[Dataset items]
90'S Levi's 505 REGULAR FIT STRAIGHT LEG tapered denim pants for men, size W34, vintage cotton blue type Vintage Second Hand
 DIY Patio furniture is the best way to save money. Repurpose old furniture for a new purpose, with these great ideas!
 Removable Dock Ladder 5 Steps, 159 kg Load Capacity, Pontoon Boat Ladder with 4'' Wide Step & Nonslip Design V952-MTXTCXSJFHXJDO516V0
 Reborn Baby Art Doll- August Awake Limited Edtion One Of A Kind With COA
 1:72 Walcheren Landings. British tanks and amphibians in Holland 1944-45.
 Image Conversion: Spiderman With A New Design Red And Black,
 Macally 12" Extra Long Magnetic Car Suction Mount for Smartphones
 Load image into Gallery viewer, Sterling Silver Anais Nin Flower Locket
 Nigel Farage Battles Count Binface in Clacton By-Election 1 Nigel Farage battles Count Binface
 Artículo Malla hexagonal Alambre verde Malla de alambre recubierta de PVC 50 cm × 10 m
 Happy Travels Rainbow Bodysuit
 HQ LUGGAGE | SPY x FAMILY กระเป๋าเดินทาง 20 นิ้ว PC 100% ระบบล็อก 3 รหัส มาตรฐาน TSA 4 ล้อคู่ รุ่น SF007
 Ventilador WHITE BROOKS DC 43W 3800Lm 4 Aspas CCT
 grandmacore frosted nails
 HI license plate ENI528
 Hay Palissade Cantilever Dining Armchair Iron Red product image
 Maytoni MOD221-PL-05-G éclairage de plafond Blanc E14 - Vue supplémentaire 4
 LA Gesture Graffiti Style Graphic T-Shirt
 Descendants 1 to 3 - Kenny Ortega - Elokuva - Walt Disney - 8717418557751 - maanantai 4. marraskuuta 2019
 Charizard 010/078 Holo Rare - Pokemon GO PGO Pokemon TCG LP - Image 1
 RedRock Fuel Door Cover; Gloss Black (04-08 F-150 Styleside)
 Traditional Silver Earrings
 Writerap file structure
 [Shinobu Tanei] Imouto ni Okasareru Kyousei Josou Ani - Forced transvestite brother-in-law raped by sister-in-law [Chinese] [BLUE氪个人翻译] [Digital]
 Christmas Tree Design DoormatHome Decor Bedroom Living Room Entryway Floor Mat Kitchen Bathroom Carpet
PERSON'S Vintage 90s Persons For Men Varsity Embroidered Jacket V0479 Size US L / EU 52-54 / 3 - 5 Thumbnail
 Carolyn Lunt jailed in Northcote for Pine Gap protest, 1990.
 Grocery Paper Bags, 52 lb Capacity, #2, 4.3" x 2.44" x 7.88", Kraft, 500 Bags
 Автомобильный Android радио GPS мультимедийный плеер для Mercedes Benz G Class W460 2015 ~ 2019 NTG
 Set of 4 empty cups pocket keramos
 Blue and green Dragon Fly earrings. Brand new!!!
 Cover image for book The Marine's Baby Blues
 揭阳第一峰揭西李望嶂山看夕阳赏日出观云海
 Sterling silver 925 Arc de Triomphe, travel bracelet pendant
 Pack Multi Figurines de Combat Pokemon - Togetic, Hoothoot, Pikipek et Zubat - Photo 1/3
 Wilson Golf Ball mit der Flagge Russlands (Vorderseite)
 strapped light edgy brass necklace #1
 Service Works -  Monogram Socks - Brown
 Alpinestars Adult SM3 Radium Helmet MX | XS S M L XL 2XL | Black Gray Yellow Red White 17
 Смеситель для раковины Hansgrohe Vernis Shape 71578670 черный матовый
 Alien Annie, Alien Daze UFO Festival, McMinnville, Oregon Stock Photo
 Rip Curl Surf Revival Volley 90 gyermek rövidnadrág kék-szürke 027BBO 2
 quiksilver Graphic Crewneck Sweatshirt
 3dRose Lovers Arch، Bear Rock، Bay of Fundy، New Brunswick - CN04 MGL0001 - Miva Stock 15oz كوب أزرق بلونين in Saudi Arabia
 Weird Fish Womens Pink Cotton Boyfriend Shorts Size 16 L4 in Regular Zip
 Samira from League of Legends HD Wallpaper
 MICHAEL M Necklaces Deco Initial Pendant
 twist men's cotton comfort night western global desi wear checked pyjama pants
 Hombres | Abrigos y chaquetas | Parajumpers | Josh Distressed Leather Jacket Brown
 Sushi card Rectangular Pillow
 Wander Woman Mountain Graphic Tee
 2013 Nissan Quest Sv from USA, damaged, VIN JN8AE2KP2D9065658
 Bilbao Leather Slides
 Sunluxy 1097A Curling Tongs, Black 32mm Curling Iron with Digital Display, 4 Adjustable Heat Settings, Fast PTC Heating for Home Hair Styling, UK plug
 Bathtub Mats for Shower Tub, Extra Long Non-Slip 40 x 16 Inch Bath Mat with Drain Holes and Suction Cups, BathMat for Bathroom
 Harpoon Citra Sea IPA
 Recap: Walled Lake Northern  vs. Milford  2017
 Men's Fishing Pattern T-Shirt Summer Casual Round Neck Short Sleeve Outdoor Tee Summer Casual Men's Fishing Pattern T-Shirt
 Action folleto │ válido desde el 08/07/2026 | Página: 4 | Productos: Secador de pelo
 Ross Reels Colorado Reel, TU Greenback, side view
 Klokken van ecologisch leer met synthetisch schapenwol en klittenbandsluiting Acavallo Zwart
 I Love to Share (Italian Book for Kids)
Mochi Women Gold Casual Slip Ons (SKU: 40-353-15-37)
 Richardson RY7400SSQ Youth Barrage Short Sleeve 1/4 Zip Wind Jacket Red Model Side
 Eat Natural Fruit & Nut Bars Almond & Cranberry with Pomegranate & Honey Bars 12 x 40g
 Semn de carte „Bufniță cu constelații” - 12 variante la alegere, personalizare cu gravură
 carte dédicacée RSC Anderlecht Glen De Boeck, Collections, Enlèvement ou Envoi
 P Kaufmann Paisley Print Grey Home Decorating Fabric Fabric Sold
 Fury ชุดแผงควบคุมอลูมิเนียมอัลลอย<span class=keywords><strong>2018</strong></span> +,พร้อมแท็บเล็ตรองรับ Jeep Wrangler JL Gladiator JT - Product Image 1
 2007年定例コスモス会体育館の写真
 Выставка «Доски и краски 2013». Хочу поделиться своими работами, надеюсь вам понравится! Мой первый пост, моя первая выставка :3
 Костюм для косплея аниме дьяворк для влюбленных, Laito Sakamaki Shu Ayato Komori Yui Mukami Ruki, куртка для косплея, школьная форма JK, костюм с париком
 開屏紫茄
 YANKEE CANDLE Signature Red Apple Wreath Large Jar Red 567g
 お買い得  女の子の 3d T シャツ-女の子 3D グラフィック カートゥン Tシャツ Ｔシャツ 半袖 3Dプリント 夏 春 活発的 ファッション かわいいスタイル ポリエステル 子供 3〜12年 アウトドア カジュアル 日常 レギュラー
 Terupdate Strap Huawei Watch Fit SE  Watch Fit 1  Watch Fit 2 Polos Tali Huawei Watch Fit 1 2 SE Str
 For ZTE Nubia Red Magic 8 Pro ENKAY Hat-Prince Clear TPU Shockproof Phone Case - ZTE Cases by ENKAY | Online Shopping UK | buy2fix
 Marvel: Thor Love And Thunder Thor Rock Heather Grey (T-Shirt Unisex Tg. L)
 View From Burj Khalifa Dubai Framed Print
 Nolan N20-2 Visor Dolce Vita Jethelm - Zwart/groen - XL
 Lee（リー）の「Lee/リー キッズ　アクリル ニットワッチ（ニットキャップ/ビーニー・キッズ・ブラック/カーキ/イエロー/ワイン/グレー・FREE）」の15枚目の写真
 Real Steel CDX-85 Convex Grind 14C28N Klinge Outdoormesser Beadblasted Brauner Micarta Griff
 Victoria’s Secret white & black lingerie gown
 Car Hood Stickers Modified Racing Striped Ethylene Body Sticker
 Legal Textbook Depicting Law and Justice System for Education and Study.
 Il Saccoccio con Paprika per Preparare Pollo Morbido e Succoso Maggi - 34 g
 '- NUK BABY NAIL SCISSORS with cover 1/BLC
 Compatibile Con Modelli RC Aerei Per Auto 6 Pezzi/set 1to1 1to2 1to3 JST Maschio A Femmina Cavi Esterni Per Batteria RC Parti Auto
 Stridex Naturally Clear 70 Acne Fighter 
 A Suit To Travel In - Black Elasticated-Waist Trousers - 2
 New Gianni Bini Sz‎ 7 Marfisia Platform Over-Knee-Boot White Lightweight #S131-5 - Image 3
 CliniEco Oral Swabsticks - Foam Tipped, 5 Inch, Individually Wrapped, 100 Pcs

Your task: Return only the lines between the one holding "カジュアル 日常 レギュラー" and the one holding "View From Burj Khalifa Dubai Framed Print", inclusive, exactly as they appear above.

Exercise output:
 お買い得  女の子の 3d T シャツ-女の子 3D グラフィック カートゥン Tシャツ Ｔシャツ 半袖 3Dプリント 夏 春 活発的 ファッション かわいいスタイル ポリエステル 子供 3〜12年 アウトドア カジュアル 日常 レギュラー
 Terupdate Strap Huawei Watch Fit SE  Watch Fit 1  Watch Fit 2 Polos Tali Huawei Watch Fit 1 2 SE Str
 For ZTE Nubia Red Magic 8 Pro ENKAY Hat-Prince Clear TPU Shockproof Phone Case - ZTE Cases by ENKAY | Online Shopping UK | buy2fix
 Marvel: Thor Love And Thunder Thor Rock Heather Grey (T-Shirt Unisex Tg. L)
 View From Burj Khalifa Dubai Framed Print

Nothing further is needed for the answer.